INJURIES OF THE BRAIN AND OTHER STRUCTURES WITHIN THE SKULL
The contents of the cranial fossa consist of the brain, cerebrospinal fluid and blood in the blood vessels. They completely fill the cranial pit, and the enlargement of one, always to the detriment of the other two, is due to the limited enclosed space within the cranial pit.
Injuries that do not cause functional brain damage, but short-term loss of consciousness, nausea, vomiting, dizziness, tinnitus, short-term amnesia, so the injured are disoriented and do not remember what happened before the injury.
First aid: Calm the injured, stabilize the cervical spine, monitor vital parameters and call an ambulance, stay with the injured until the arrival of the team.
Brain contusion refers to the formation of a bruise in the brain tissue.
Symptoms include prolonged loss of consciousness or impaired vision, confusion, prolonged amnesia, restlessness, speech problems and limb weakness, vision loss,…
First aid - lateral position, monitor vital parameters, call an ambulance, stay with the injured until the team arrives.

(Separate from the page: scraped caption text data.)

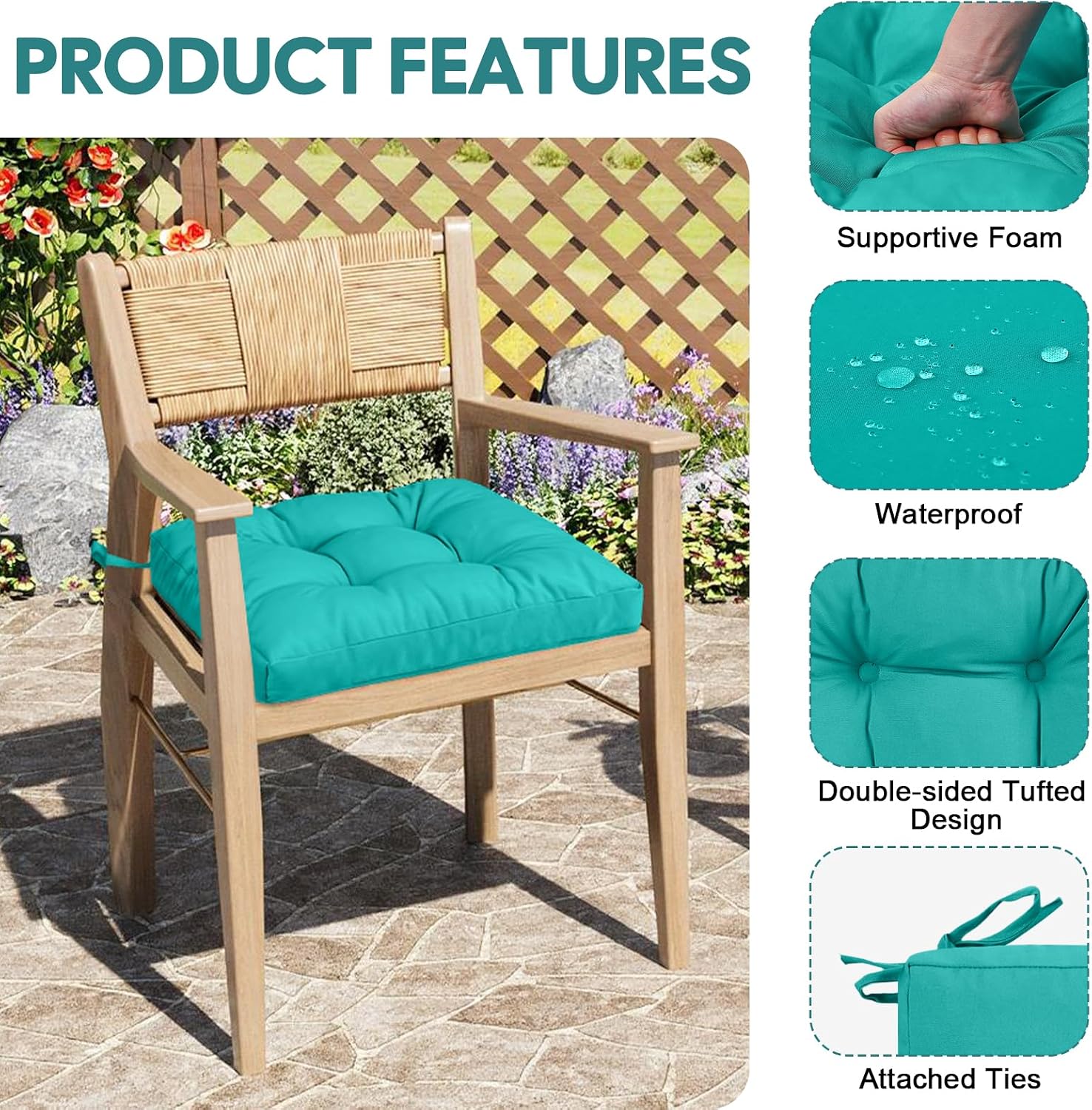 Detalle 2 de PRIMEPATIO Primepatio Outdoor Garden Chair Cushions Set of 2 (8cm thick, waterproof, blue, 45 x 45cm)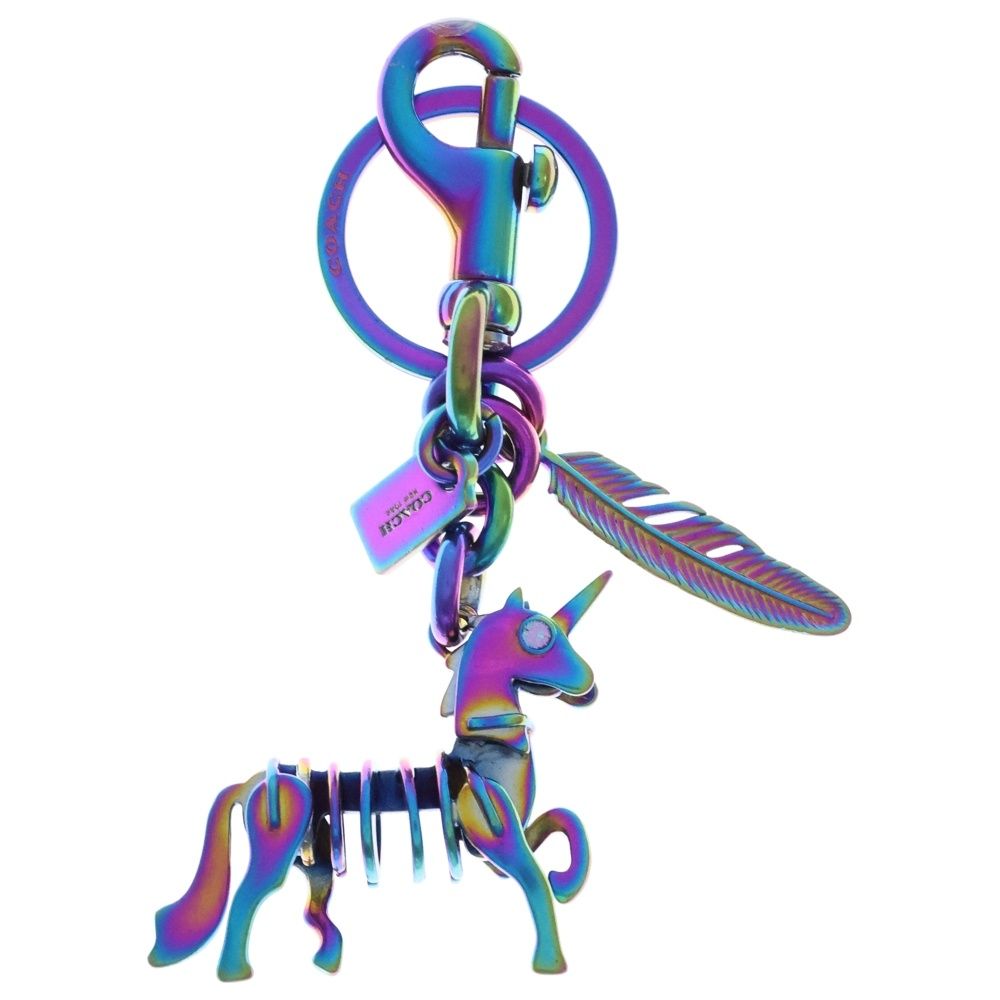 【値下げ】COACH ユニコーン キーホルダー マルチカラー　未使用 COACH (コーチ) ユニコーンチャームキーホルダー レインボー - メルカリ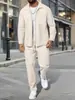 2025 Otoño Transfronterizo para Hombre Waffle Color Sólido Cremallera Solapa Bolsillo Solapa Delgado Cárdigan Traje Chaqueta para Hombre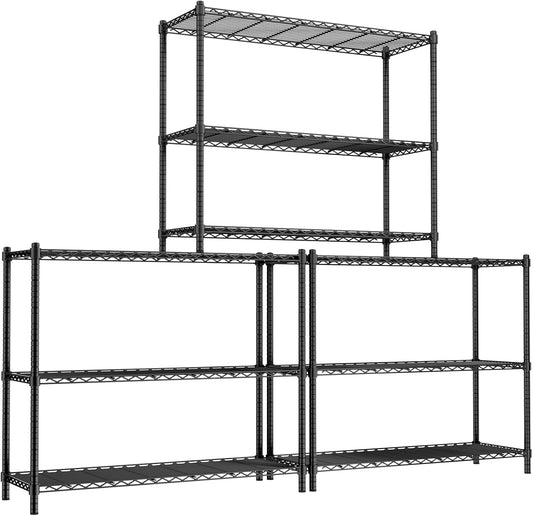 Storage Shelves, 3 PCS 48" L x 20" W x 47" H Heavy Duty Garage Wire Shelving Unit Loads 1200LBS, 3-Tier Adjustable Metal Industrial Utility Shelf Rack for Kitchen, Laundry Room, Basement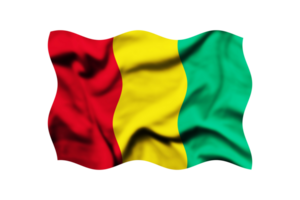 Waving flag of Guinea isolated on transparent, 3d rendering. Clipping path included png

They are the most serious injuries, often fatal.
They can be divided into:
Bleeding between the dura mater and the skull — EPIDURAL HEMATOMA — occurs most commonly from bleeding from the middle cerebral artery located in the temporal region, and is the result of direct blows to that region. Bleeding is arterial. Symptoms include data on head injury, followed by loss of consciousness, followed by the so-called lucid interval, without any symptoms (from a few minutes to several hours), followed by a sudden worsening - the appearance of severe headache, nausea, vomiting, loss of consciousness, paralysis of one side, to death. EPIDURAL HEMATOMA IS THE MOST URGENT CONDITION FOR HEAD INJURIES, THE ONLY ADEQUATE THERAPY IS TIMELY, QUICK, SURGICAL INTERVENTION.

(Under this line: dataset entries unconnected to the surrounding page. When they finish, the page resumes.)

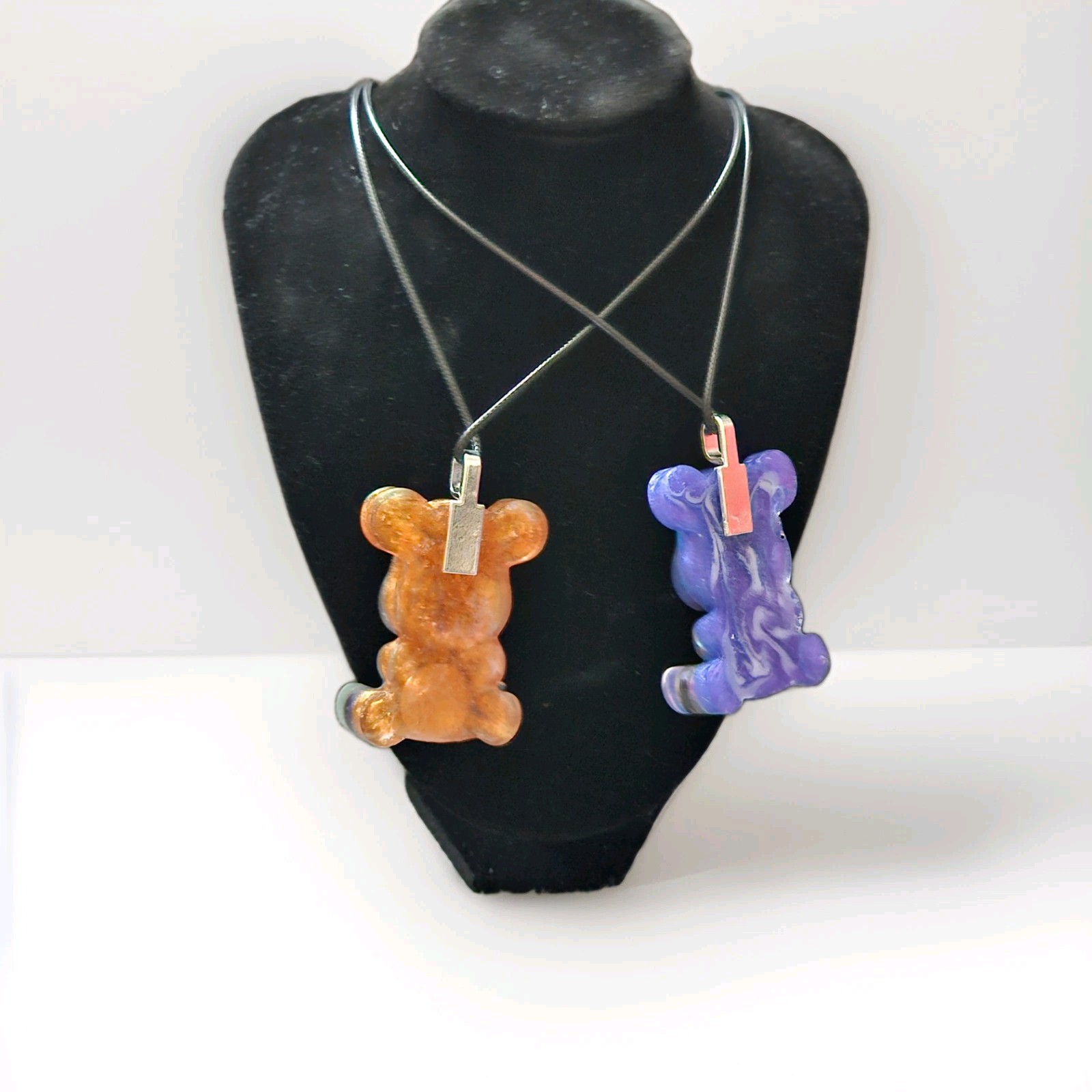 Resin Teddy Bear Charm Pendant Cord Chain Necklaces, Multicolor, 2pc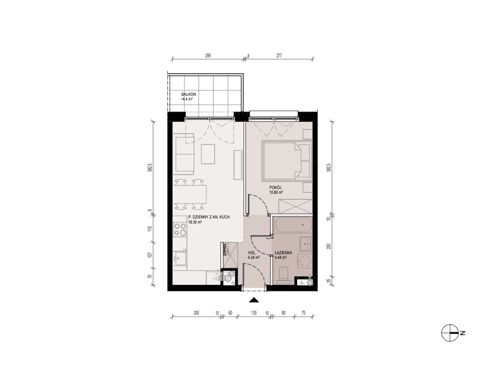 Plan 2 pok. 38m²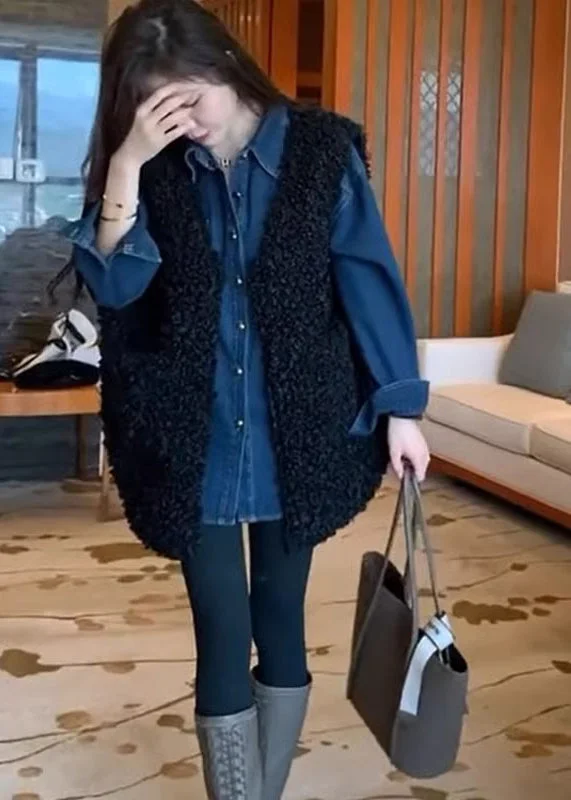 Fashion Selection Versatile Items Chic Black Oversized Faux Fur Vests And Denim Shirts Two Pieces Set Winter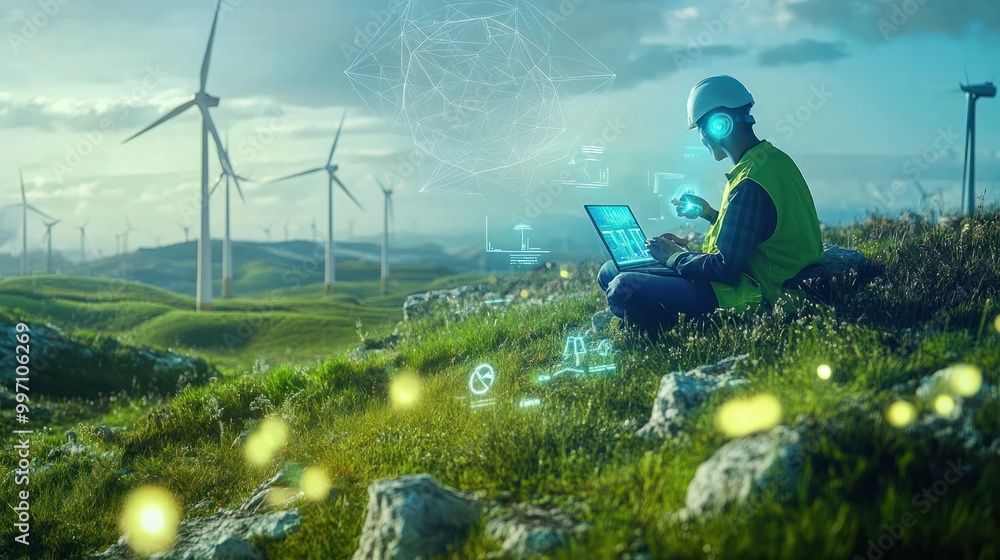 Aufkleber a team of renewable energy engineers working amidst a landscape dotted with wind turbines and solar 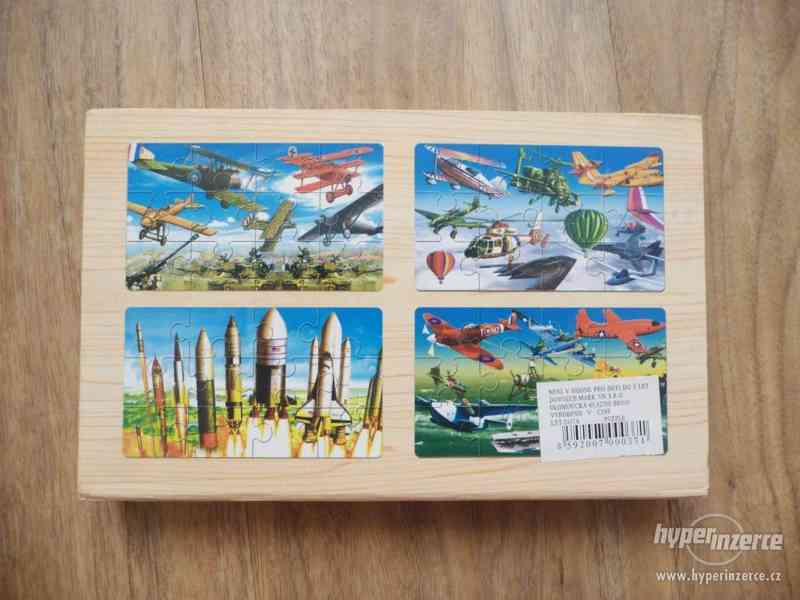 Dřevěné Puzzle letadla v krabičce -4 motivy - foto 2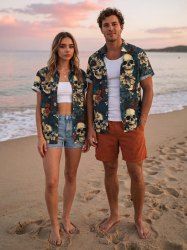 Women Skull Flower Leaf Print Matching Hawaii Beach Outfit For Couples -  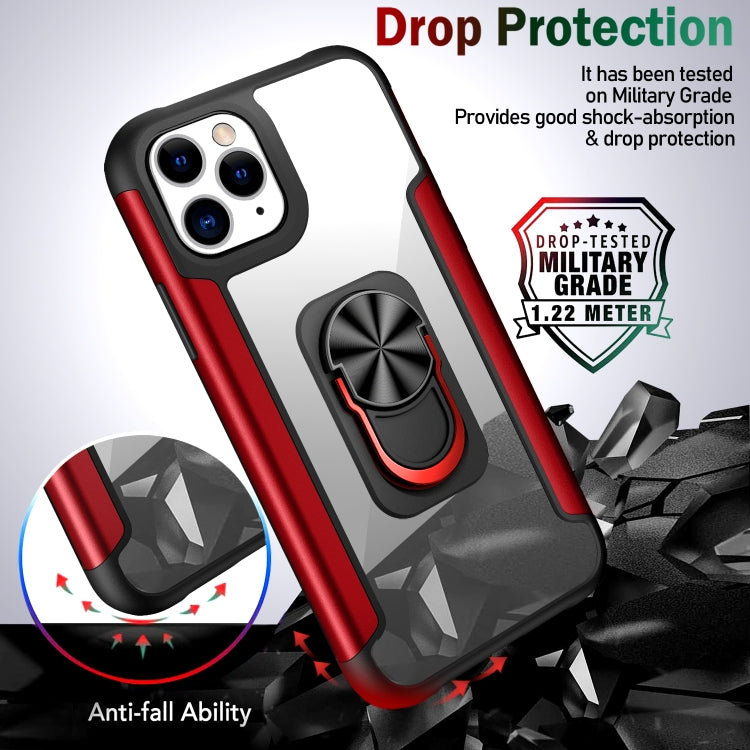 For iPhone 11 Pro PC +TPU + Metal Shockproof Protective Case with Ring Holder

Bleeding between the dura and the arachnoid meninges from the veins of the brain-SUBDURAL HEMATOMA. As the bleeding is venous, the symptoms may appear late, after a few hours or days, with headache, changes in state of consciousness and neurological outbursts-weakness of one side of the body, slurred speech, to coma.

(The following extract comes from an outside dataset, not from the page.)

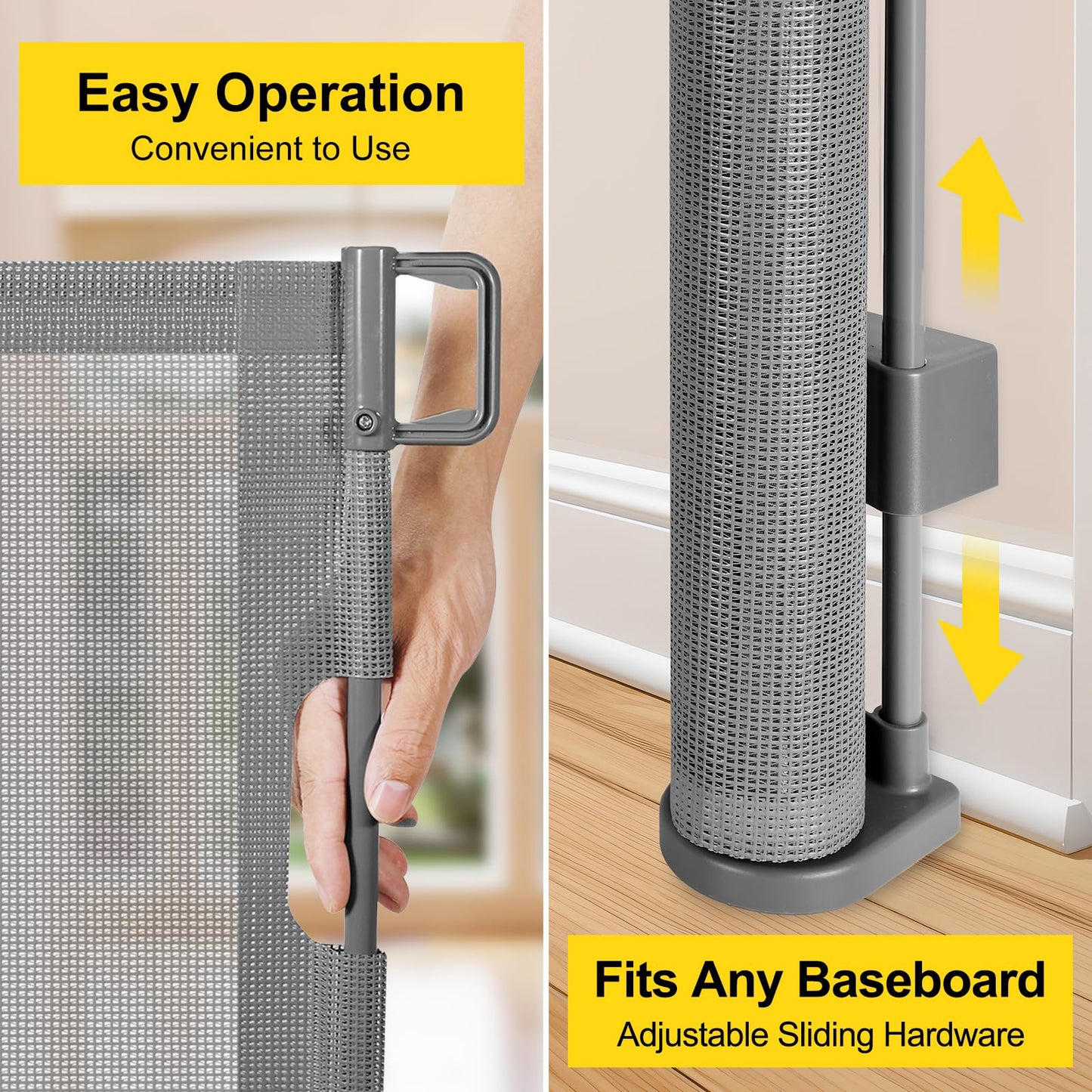 Reinforced 42” Tall x 200” Extra Wide Retractable Gate, Tall Dog Gate with Support Rods, Extra Long Baby Gate for Large Opening Indoor Safety Gate for Doorways Outdoor Garage Gates for Dogs, Gray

Bleeding within brain tissue-INTRA-CEREBRAL HEMATOMAS occurs by injury to blood vessels inside the brain. It can be the result of blunt or open head injuries, with the onset of loss of consciousness, and severe neurological outbursts.
First aid for intracranial hemorrhage: stabilize the injured, assess the state of consciousness, place in an adequate position, monitor vital parameters. If breathing stops or the heart stops working, start the resuscitation procedure, call an ambulance as soon as possible, stay next to the injured until the team arrives.